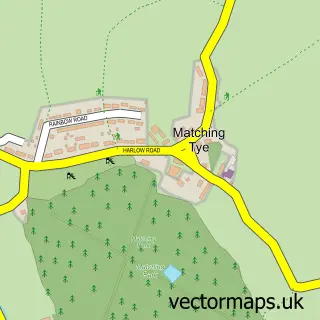 Street map sample of Matching Tye, Essex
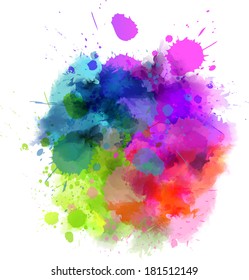 Multicolored watercolor splash blot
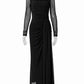 Stylish Square Neck Long Sleeve Black Bodycon Maxi Dress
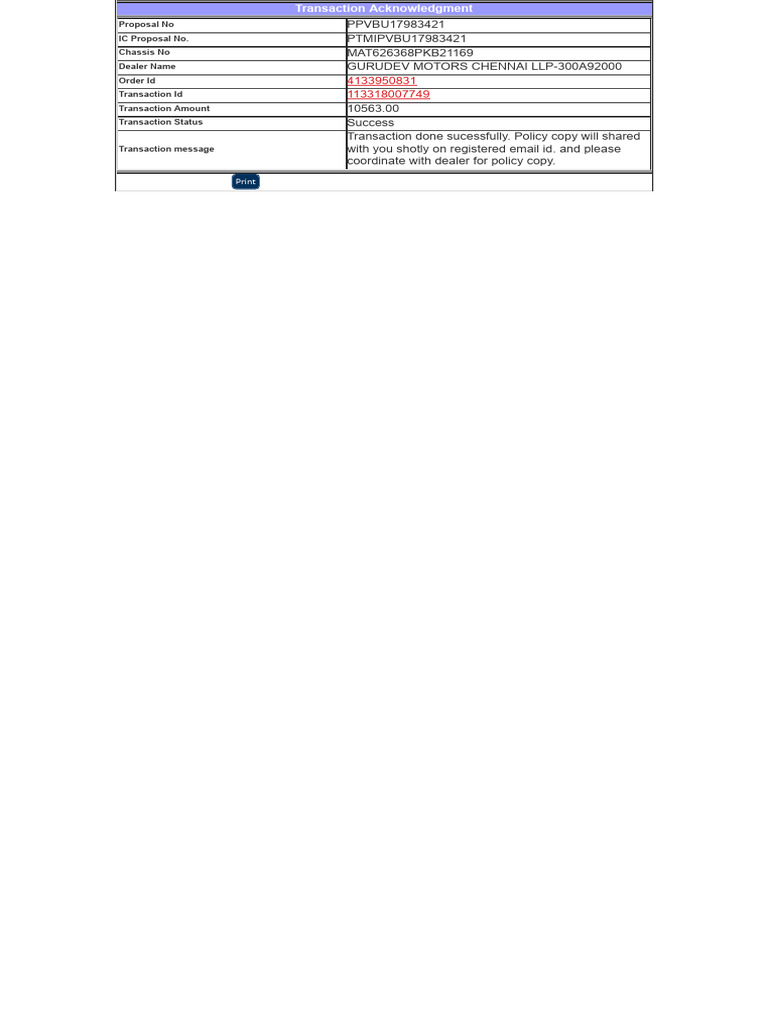 Successful Transaction Acknowledgment | PDF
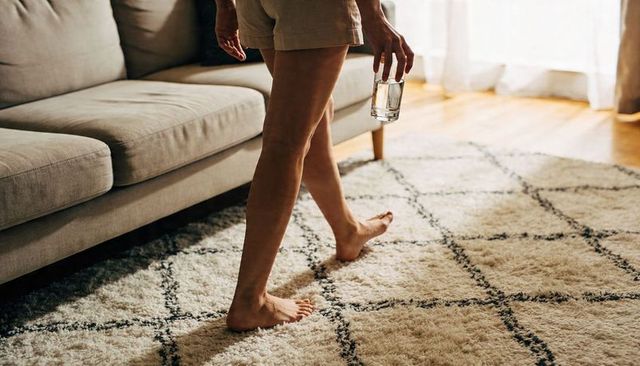 Barefoot woman walking across plush rug holding glass of water in sunlit living room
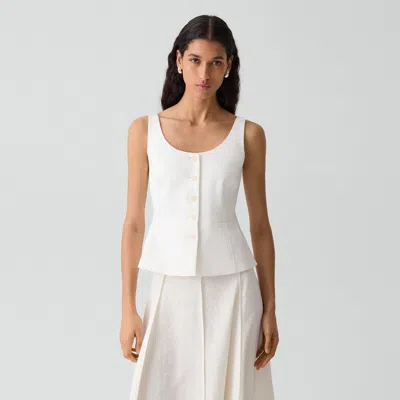 Theory Peplum Vest In Linen-viscose In White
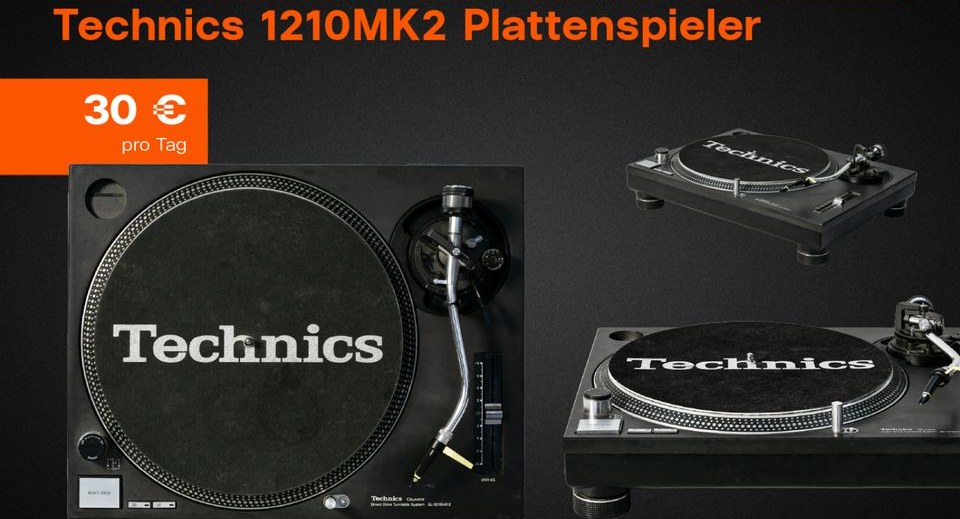 Plattenspieler Technics SL 1210 MK2 DJ mieten in Leipzig, Südvorstadt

§

Try it: Pictures are to be omitted. The lines from the line holding "Theory Peplum Vest In Linen-viscose In White" through the closing line of the data above are to be set down exactly, and nothing more.

Written response:
 Theory Peplum Vest In Linen-viscose In White
 Plattenspieler Technics SL 1210 MK2 DJ mieten in Leipzig, Südvorstadt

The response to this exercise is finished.